With a very high number of input variables, not only does the computational complexity increase, but also the risk that not all variables are informative or independent. A solution to this problem is dimensionality reduction, which reduces the number of variables without significant loss of information. One of the most well-known techniques is Principal Component Analysis (PCA), which transforms the original variables into a new set of so-called principal components. These components capture as much variability in the data as possible while eliminating redundancy and multicollinearity among the variables.

👉 A detailed explanation of this method can be found in the section: Principal Component Analysis

Code Example

The following example uses the normal equation to compute the coefficients for Multiple Linear Regression. First, we construct the input matrix (X) including the intercept term, and the target vector (y). Using matrix transposition, multiplication, and inversion, we calculate the optimal values of the coefficients $\beta$. These coefficients are then used to predict the output for a new set of input values. The entire process demonstrates how to build a predictive model in the form of a linear equation based on historical data.

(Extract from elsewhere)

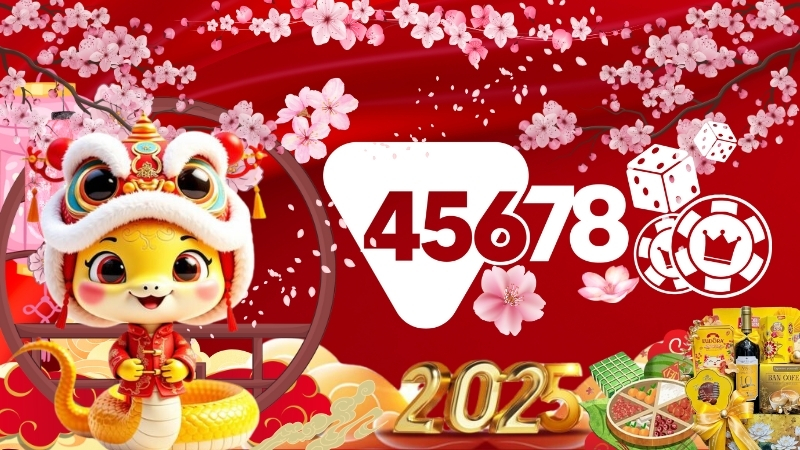 45678 com thông báo lì xì năm ất tỵ 2025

use nalgebra::{DMatrix, DVector};

/// Computes regression coefficients using the Normal Equation:
/// β = (Xᵀ X)^(-1) Xᵀ y
fn normal_equation(x: &DMatrix<f64>, y: &DVector<f64>) -> DVector<f64> {
    let x_t = x.transpose();
    let x_t_x = &x_t * x;
    let x_t_x_inv = x_t_x
        .try_inverse()
        .expect("Matrix XᵀX is not invertible");
    let x_t_y = &x_t * y;

    x_t_x_inv * x_t_y
}

fn main() {    
    // Design matrix with intercept term (first column = 1s)
    // Each row represents a data point with features x₁, x₂, ..., and an intercept term
    let x = DMatrix::from_row_slice(3, 3, &[
        1.0, 1.0, 2.0,  // row 1
        1.0, 2.0, 1.0,  // row 2
        1.0, 3.0, 3.0,  // row 3
    ]);

    // Target values
    // Corresponding y values for the design matrix
    // y = [6, 8, 14]
    let y = DVector::from_row_slice(&[6.0, 8.0, 14.0]);

    // Compute coefficients
    let beta = normal_equation(&x, &y);

    println!("Regression coefficients (β):\n{}", beta);

    // Predict y for x₁ = 4, x₂ = 2 (include intercept 1.0)
    let input = DVector::from_row_slice(&[1.0, 4.0, 2.0]);
    let prediction = beta.dot(&input);

    println!("Prediction for x₁ = 4, x₂ = 2: {}", prediction);
}

Model Evaluation – Prediction Error

It is always important to verify how accurate our model is. This helps determine whether linear regression is even appropriate. If the error is large, the relationship might be nonlinear, or the data may be too scattered. It can also help identify problematic data points or outliers.

To evaluate the model, we use various error metrics that quantify the difference between the actual values and the model’s predictions:

Residual

A residual tells us how much a specific prediction deviated from the actual result.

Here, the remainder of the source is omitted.